▶ **WHAT IS BEING ASKED**
Copy the lines below exactly, starting at the line that contains "Children engaged in" and stopping after the last line, and include no other lines.

Caption-style text data
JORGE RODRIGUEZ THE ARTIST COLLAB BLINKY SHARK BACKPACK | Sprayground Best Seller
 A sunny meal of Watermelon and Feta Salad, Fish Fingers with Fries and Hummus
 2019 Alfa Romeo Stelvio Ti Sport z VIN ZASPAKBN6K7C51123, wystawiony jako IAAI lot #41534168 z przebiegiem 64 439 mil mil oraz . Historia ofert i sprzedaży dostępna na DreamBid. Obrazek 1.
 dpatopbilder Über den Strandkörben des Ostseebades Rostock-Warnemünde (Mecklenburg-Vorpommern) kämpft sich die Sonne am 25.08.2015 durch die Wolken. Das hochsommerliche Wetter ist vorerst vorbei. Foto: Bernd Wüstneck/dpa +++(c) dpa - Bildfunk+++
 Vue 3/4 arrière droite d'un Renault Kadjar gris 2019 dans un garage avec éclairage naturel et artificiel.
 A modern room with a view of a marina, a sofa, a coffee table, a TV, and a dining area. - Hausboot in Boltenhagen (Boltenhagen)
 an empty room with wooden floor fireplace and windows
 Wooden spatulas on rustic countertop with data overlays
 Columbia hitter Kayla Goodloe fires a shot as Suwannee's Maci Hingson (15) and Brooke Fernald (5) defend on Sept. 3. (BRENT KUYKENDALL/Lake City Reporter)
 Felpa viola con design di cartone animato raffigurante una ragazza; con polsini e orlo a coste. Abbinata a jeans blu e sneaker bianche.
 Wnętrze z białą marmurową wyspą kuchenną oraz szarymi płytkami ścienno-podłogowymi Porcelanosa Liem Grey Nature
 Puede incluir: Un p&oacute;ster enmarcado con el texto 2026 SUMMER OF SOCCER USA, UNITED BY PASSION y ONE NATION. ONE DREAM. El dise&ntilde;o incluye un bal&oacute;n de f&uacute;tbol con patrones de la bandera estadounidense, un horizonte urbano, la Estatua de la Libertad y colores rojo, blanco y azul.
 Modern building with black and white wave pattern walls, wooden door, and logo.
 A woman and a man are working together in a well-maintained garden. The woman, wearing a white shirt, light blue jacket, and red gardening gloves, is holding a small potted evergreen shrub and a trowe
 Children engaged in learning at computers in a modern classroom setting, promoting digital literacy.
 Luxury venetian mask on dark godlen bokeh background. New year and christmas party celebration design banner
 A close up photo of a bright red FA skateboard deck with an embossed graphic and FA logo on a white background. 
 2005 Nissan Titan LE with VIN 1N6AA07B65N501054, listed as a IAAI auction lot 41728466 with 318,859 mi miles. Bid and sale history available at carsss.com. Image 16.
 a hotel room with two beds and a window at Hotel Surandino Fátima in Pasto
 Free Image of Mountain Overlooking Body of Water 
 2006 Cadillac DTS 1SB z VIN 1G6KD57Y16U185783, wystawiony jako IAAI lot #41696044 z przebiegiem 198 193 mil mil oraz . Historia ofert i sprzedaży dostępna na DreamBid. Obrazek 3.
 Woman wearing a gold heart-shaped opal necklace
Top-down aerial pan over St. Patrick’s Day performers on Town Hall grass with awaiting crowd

▶ **SOLUTION FOR THIS PROBLEM**
 Children engaged in learning at computers in a modern classroom setting, promoting digital literacy.
 Luxury venetian mask on dark godlen bokeh background. New year and christmas party celebration design banner
 A close up photo of a bright red FA skateboard deck with an embossed graphic and FA logo on a white background. 
 2005 Nissan Titan LE with VIN 1N6AA07B65N501054, listed as a IAAI auction lot 41728466 with 318,859 mi miles. Bid and sale history available at carsss.com. Image 16.
 a hotel room with two beds and a window at Hotel Surandino Fátima in Pasto
 Free Image of Mountain Overlooking Body of Water 
 2006 Cadillac DTS 1SB z VIN 1G6KD57Y16U185783, wystawiony jako IAAI lot #41696044 z przebiegiem 198 193 mil mil oraz . Historia ofert i sprzedaży dostępna na DreamBid. Obrazek 3.
 Woman wearing a gold heart-shaped opal necklace
Top-down aerial pan over St. Patrick’s Day performers on Town Hall grass with awaiting crowd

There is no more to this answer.